Adult Diagnosis

An autism diagnosis that comes during adulthood can really re-contextualize an entire life’s worth of events, behaviors, thoughts, and feelings. Even the phrase “autistic adult” can often summon imagery of childhood, or child-like behaviors in many - an overall ableist view of autistic adults that many of us internalize ourselves, whether we realize it or not. Rarely are there resources targeted towards autistic adults, and even more rare that those sparse resources address autistic adults as fully fledged human beings with their own wants, feelings, and will. Mostly, when an autistic adult wants to look into their own neurodiversity and explore symptoms and signs, they must first wade through article after article geared towards the parents of autistic children, and even of those, many lament the poor, unfortunate situation these parents are in - having an autistic child. The disabled in question are rarely given agency.

In addition to this, there is this overwhelming crush of grief that can sometimes follow a diagnosis in adulthood - the realization that this is what it had been all along; all of those connections that you’d struggled to make; all of those almost-there interactions that were so close to being “normal” but you know you got it wrong somehow because of the look on the other person’s face; each time you became overwhelmed and couldn’t understand what was wrong with you, or why you were feeling so strongly about this one particular thing. Or maybe you didn’t have that awareness as a child - maybe you went about your life thinking everyone else existed the same way you did. Sometimes it’s a confusing mix of both situations. Either way, there is often this grief; you truly didn’t grow up with the same tools as other children, but were expected to perform the same tasks on the same schedule with the asme startling lack of resources and guidance; and others didn’t see that struggle, or if they did, they didn’t pay enough attention. The signs were there, weren’t they?

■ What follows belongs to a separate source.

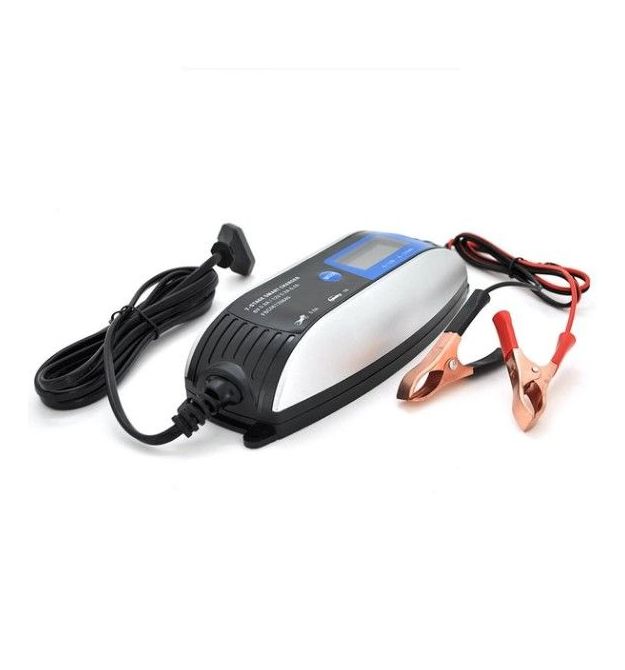 Автоматическое ЗУ 6 в 1 для аккумулятора 6V(2-30Ah) - 12V(4-100Ah) (MF,WET,AGM,GEL), FOXSUR FBC0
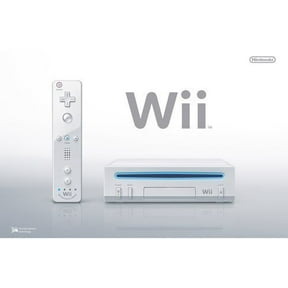 Restored Nintendo Wii Console with Wii Play, 8 MB Data Storage, White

You yourself can look back and see the signs clear as day, so why did the adults in your life not notice?

“It wasn’t as common back then,” my mother had told me after I opened up about my diagnosis, which came at the age of 22. “We didn’t know as much as we do now.”

And that’s not wrong, not really, but I had all of the tells, even at the time - I was quiet, studious, focused on my books and writing all day; I had a rich inner world, a pantheon of imaginary friends, and my plush toys were my closest confidants; I struggled expressing my emotions, and was selectively mute and non-confrontational to the point that I would often have meltdowns when spoken to harshly; I was labelled “sensitive” by every adult in my life from the moment I could understand what that meant.

Is that why my mother’s words sit so bitterly in the pit of my stomach? Is it unfair to expect more from my family? I’d like to think not, but I have the bias of months, years, spent researching a disability that at the time I hadn’t even known I had. Maybe that’s the disconnect. Maybe I expect others to look outside of their own perception and consider how things might be for those unlike themselves. I can’t bring myself to accept that that’s asking too much.